Helena hatte ihm eine 
Karteikarte gegeben, auf der 
der Name der Patientin stand. 
"Frau Sonder?" Er führte sie 
in den Therapieraum. 
Beide setzten sich. "Was kann 
ich für Sie tun?" fragte Pero 
Frau Sonder. "Meine Freundin 
hat gesagt, ich müsste lernen, 
anders zu atmen und zu sprechen."
"Sie sprechen aber doch ganz 
normal." sagte Pero. "Ja, das 
finde ich auch, aber manchmal 
ist so ein Druck auf meinen 
Schultern und in meinem Hals."
Pero sah sie an und hatte eine 
plötzliche Eingebung, als läge 
ein dunkler Schatten über der 
linken Schulter der Patientin. 
Dann sagte er:"Wir arbeiten 
hier mit der Methode der 
Neuroempathologie.
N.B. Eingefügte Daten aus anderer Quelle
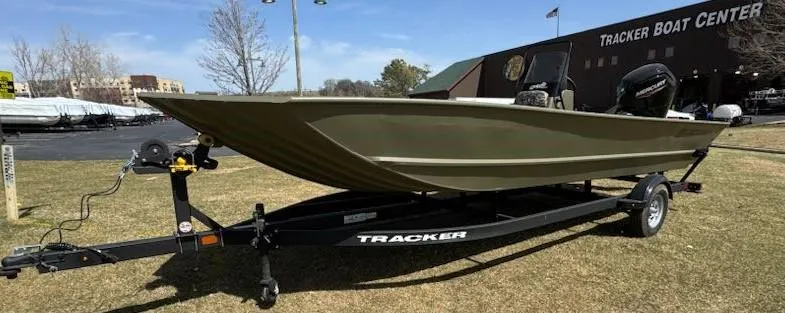 Slide: The Image of 2025 Tracker Grizzly 2072 CC boat on trailer at Tracker Boat Center. - 2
Das heißt, 
wir fühlen uns in ihre 
Beschwerden ein und versuchen, 
sie von innen zu verstehen."
"Ich kann mir nichts darunter 
vorstellen." entgegnete Frau 
Sonder. "Ich kann Ihnen 
zeigen, wie diese Methode 
funktioniert, aber dazu 
müssen Sie mir die Erlaubnis 
geben, mein 
Einfühlungsvermögen zu nutzen."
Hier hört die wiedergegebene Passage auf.